Zwiedzający gmach o latach dawni pracownicy kolei wyczekują jednego - przejścia przez próg pięknych, drewnianych drzwi sali 200. 

– Ta sala była naprawdę piękna. Tyle się tu działo! Odbywały się wszystkie świąteczne spotkania dla dzieci – choinkowe bale z tańcami i zabawami. Pamiętam, jak moja córeczka była na takim pierwszym balu… to już trzydzieści lat temu, ale mam to w oczach jak dziś - opisuje jedna ze zwiedzających. - Były też uroczystości oficjalne – między innymi na 85-lecie dyrekcji. Właśnie wtedy zostałam odznaczona odznaką resortową Zasłużony Kolejarz. Byłam bardzo dumna. Razem ze mną wyróżniono wtedy wiele koleżanek z innych działów – było nas naprawdę mnóstwo. To była wielka uroczystość. Organizowaliśmy tu też imprezy pożegnalne dla pracowników. Jedna z nich szczególnie zapadła mi w pamięć – była bardzo zabawna. W naszym dziale pracowały same kobiety, ani jednego mężczyzny. Dziewczyny zastanawiały się, co będzie do jedzenia i jak to wszystko zorganizować. A ja… wypożyczyłam smoking, krótko ścięłam włosy i poszłam obsługiwać kolację jako „kelner”. Dyrektor, pan Szklarski, zapytał wtedy: – A wyście tego kelnera z Hotelu pod Orłem wzięły? Śmiechu było co niemiara, a potem – tańce. Każda chciała ze mną tańczyć! Cudowne wspomnienia - dodaje.

Szczęściarze mogli bywać w tej sali jeszcze zanim stali się pracownikami kolei.

- Pierwszy raz byłam w tej sali mając osiemnaście lat – jeszcze zanim zaczęłam tu pracować. Siedziałam wtedy przy okrągłym stoliku z chłopakiem.
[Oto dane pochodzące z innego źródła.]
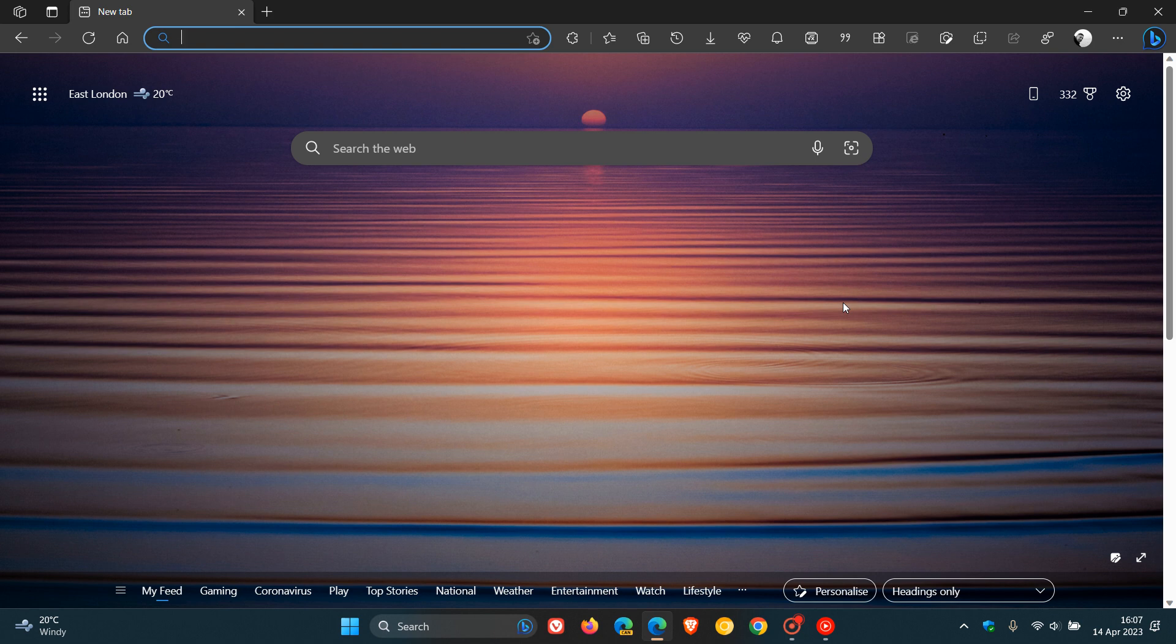And when Microsoft did finally pull the plug on Internet Explorer, they obviously wanted the users to migrate over to the new Chromium-based Microsoft Edge web browser. So because of this, they introduced an Internet Explorer mode into Edge, which basically bridges the gap between the old Internet Explorer browser and the new Edge browser.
Nie przypuszczałam, że kiedyś tu wrócę jako pracownica. Sala była wtedy pięknie przystrojona, bo to był karnawał – wszystko błyszczało. Kiedy później tu pracowałam, czułam dumę, że już znam to miejsce - opisuje kolejna z dawnych pracownic. 

Bydgoscy kolejarze słynęli z pracowitości. Jak się bawili, to też na całego! 
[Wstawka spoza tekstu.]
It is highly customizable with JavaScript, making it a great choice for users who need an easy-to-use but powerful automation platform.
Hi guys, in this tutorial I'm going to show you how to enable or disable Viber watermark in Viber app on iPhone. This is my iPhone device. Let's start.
Budynek po latach odwiedził też Henryk Szklarski, przed laty dyrektor tego miejsca. 

 – Wspomnienia wróciły od razu - mówi Henryk Szklarski. - Dziś wydaje mi się, że ta sala jest o wiele mniejsza, niż ją zapamiętałem. W mojej pamięci pozostała jako ogromne pomieszczenie. Stały tu na stałe trzy rzędy długich stołów, a po obu stronach ustawiono krzesła. W czasie zebrań gromadziło się tu ponad sto osób. Sala nie była klimatyzowana, więc bywało gorąco – nie tylko z powodu emocji towarzyszących obradom, ale też z powodu wysokich temperatur na zewnątrz.
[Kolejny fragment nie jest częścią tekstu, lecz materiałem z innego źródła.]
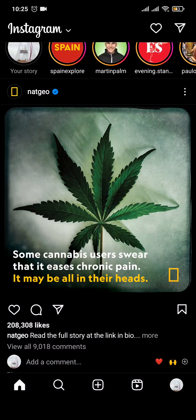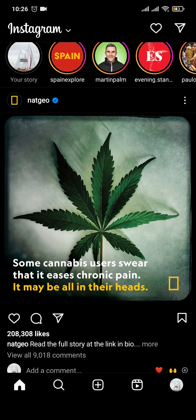In today's video I'm going to be showing you how to post longer videos on Instagram. When IGTV was around you could easily post longer videos, but when it's gone a lot of people have the confusion that they cannot post longer videos as before. But with the removal of IGTV, Instagram has allowed longer videos to be uploaded on their platform.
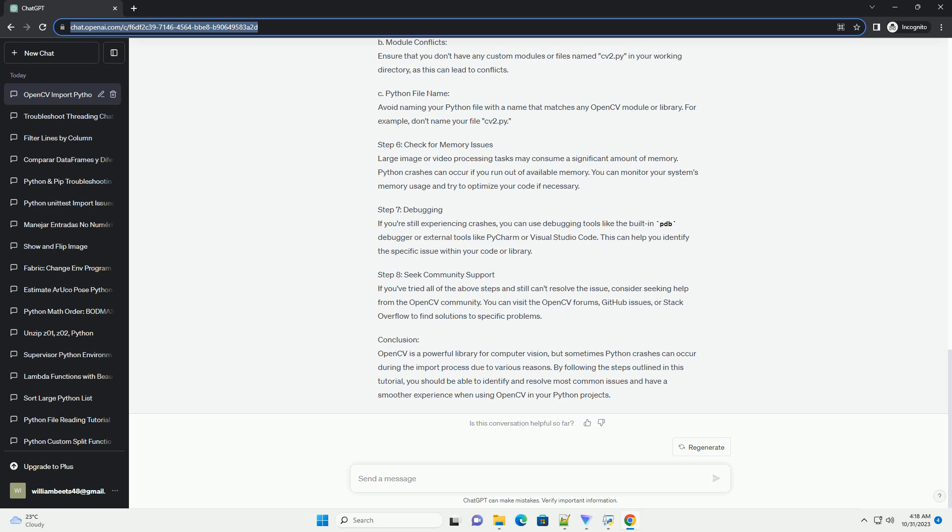Step 6: Check for memory issues. Large image or video processing tasks may consume a significant amount of memory. Python crashes can occur if you run out of available memory. You can monitor your system's memory usage and try to optimize your code if necessary.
Odbywały się tu wszystkie narady służbowe. Nie zawsze należały do przyjemnych – często dotyczyły trudnych tematów, zwłaszcza transportu węgla ze Śląska na wybrzeże. W tej sali odbywały się spotkania z naczelnikami stacji – na naszym obszarze było ich ponad sto. Na czele każdej stacji stał naczelnik, a narady z nimi organizowano raz w miesiącu. Nie zawsze przebiegały one w miłej atmosferze, ale sala ta zapisała się w moich wspomnieniach nie tylko jako miejsce pracy.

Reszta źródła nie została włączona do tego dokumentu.